World

Japan Pays Debt of Honour to the 'Comfort Women' Enslaved for Sex

The Daily Telegraph

Japan has apologised and agreed to pay compensation to South Korea over its use of so-called "comfort women" during the Second World War.

The deal, intended to end decades of animosity, includes the payment of one billion Japanese yen (pounds 6?million) to help support the former sex slaves, only 46 of whom are still alive.

Shinzo Abe, the Japanese prime minister whose government has previously been accused of whitewashing wartime atrocities, said: "Japan and South Korea will welcome a new era." However, the deal received a mixed reaction from survivors and is likely to face some opposition in both countries.

Up to 200,000 women and young girls, many Korean but also from China, the Philippines and what is now Indonesia, are estimated to have been sexually enslaved by Japan during the war.

They were forced to serve officers and soldiers, often 25 to 30 a day. Many died after being raped repeatedly and survivors were often left infertile as a result of sexual trauma and diseases.

Pressure was building to resolve the issue before the last of them died.

Japan wants South Korea to remove a statue of a barefoot girl, symbolising the women, from outside the Japanese embassy in Seoul. It was installed there four years ago by the city council. Mr Abe spoke after a phone call with Park Geun-Hye, South Korea's president, who has called the issue the "greatest stumbling block" to friendlier ties.

He repeated an apology made last August, 70 years after the end of the war. "I said [then] that Japan has repeatedly expressed remorse and apologised for its actions during the war. I stand by that statement," he said.

Yun Byung-Se, the South Korean foreign minister, said the deal would be "final and irreversible" as long as Japan fulfilled its responsibilities. He promised to try to get the statue removed.

At a joint news conference, Fumio Kishida, the Japanese foreign minister, acknowledged that South Korean sex-slaves had borne "deep scars to their honour and dignity".

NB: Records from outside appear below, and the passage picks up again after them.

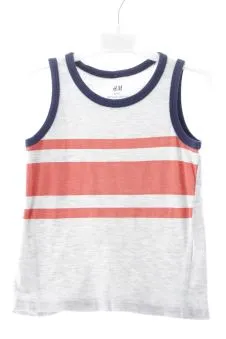Camiseta sin mangas 18 meses H&M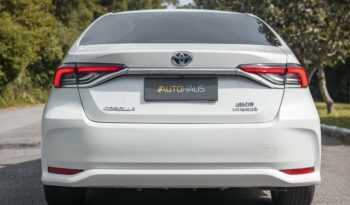 TOYOTA COROLLA 2020 completo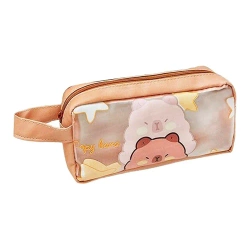 Piórnik transparentny Kapibara - Dalprint dpCraft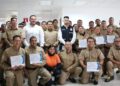 Bomberos de Tlajomulco reciben certificación en investigación de incendios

One former comfort woman said yesterday that she would follow her government's lead, but another, Lee Yong-su, 88, was angry that Tokyo did not consider the money to be formal compensation. "Isn't it natural to make legal compensation if they commit a crime?" Ms Lee asked.

Japan had long maintained that a 1965 pact involving a payment of $800?million in grants or loans to its former colony settled the matter, but Seoul says the treaty did not cover compensation for victims of wartime crimes against humanity.

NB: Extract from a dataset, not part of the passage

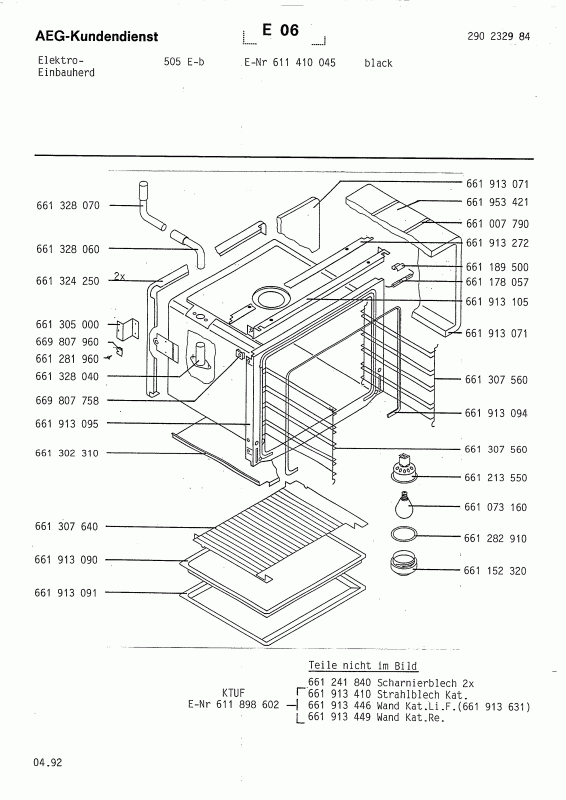 Ersatzteile_Competence_505_E_B_61141004500_Bild_5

In 1993, Japan expressed "sincere apologies and remorse" to those "who suffered immeasurable pain and incurable physical and psychological wounds as comfort women".

Michael Cucek, a politics professor at Tokyo's Waseda University, said the agreement was struck after pressure from America. "The far-Right in Japan is going to go bananas, most likely, whereas South Korea's liberals are likely to call for president Park to resign," he said.